▶ [RAW DATA]
***
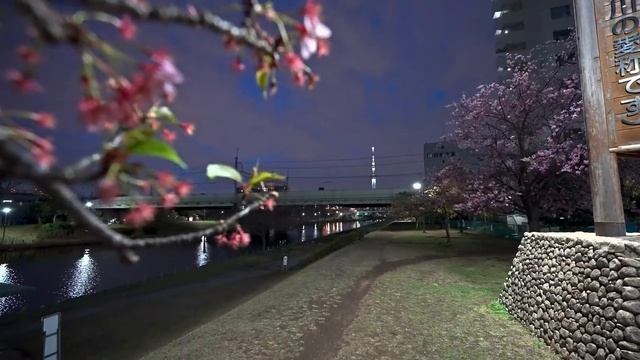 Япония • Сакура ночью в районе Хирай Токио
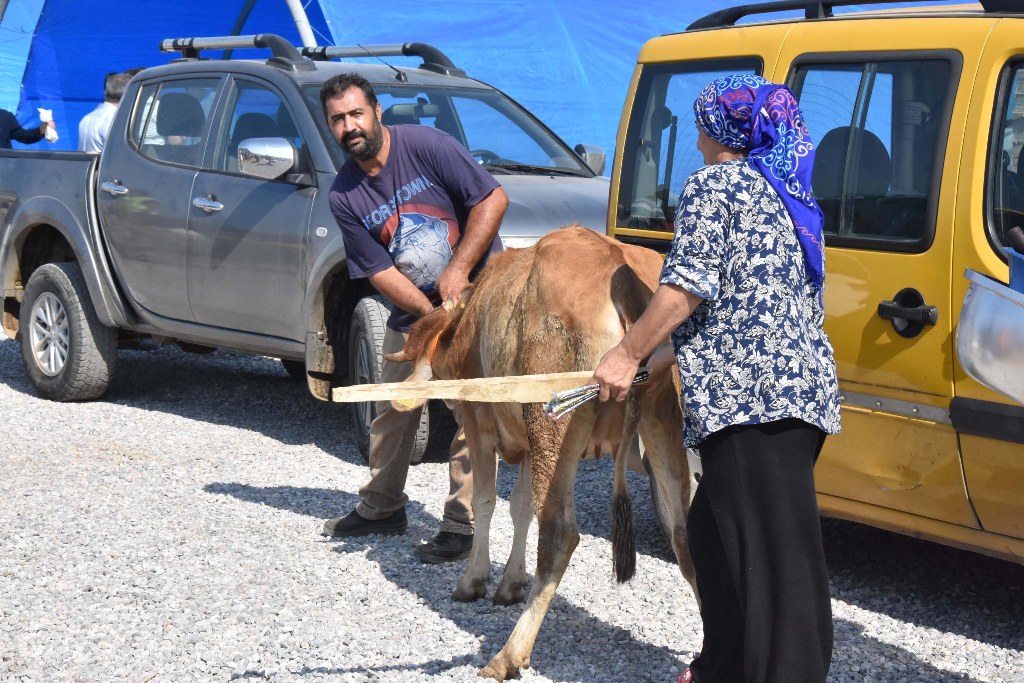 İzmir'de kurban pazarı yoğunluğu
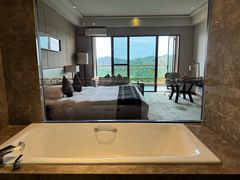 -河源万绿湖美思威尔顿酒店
***
▶ [WORK ORDER] Restate, word for word, all of the material above, leaving out the images.

▶ [FINISHED TASK]
 Япония • Сакура ночью в районе Хирай Токио
 İzmir'de kurban pazarı yoğunluğu
 -河源万绿湖美思威尔顿酒店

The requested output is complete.